What is required —
From the line that holds "Câu Chuyện Về Quản Trị Doanh Nghiệp" down to the last line of the listing below, transcribe exactly and only those lines. Leave pictures out.

*** Opening of Data extract ***

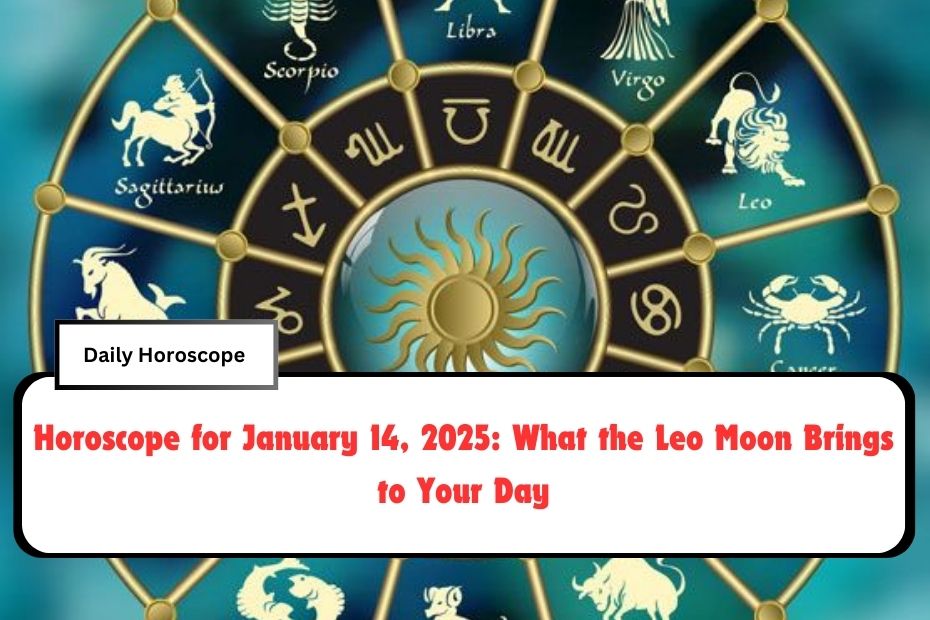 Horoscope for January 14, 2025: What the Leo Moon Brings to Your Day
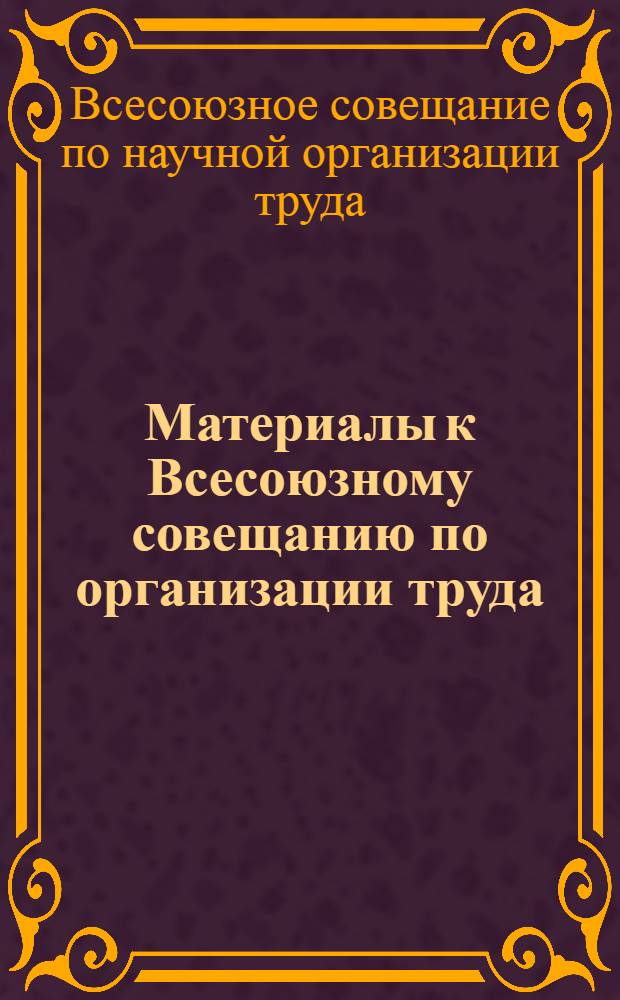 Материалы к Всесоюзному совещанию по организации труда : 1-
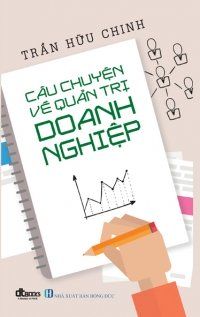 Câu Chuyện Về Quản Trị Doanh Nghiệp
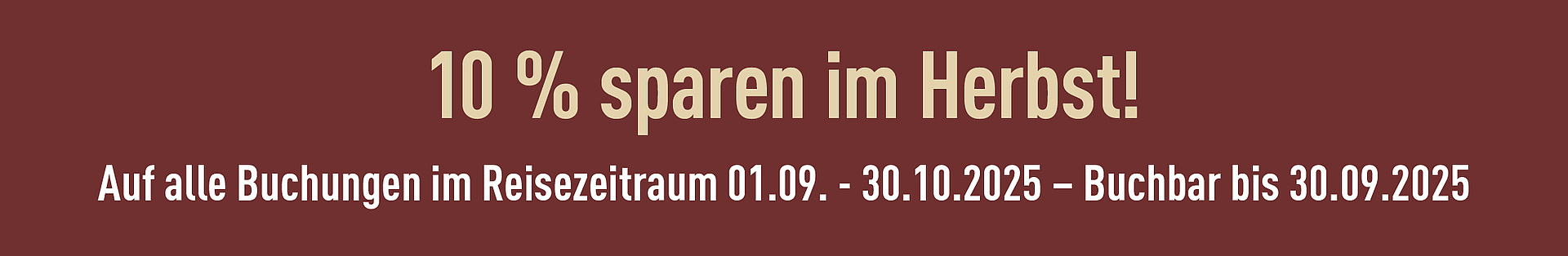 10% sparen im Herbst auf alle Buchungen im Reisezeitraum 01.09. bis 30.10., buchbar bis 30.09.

*** Close of Data extract ***

Completed exercise —
 Câu Chuyện Về Quản Trị Doanh Nghiệp
 10% sparen im Herbst auf alle Buchungen im Reisezeitraum 01.09. bis 30.10., buchbar bis 30.09.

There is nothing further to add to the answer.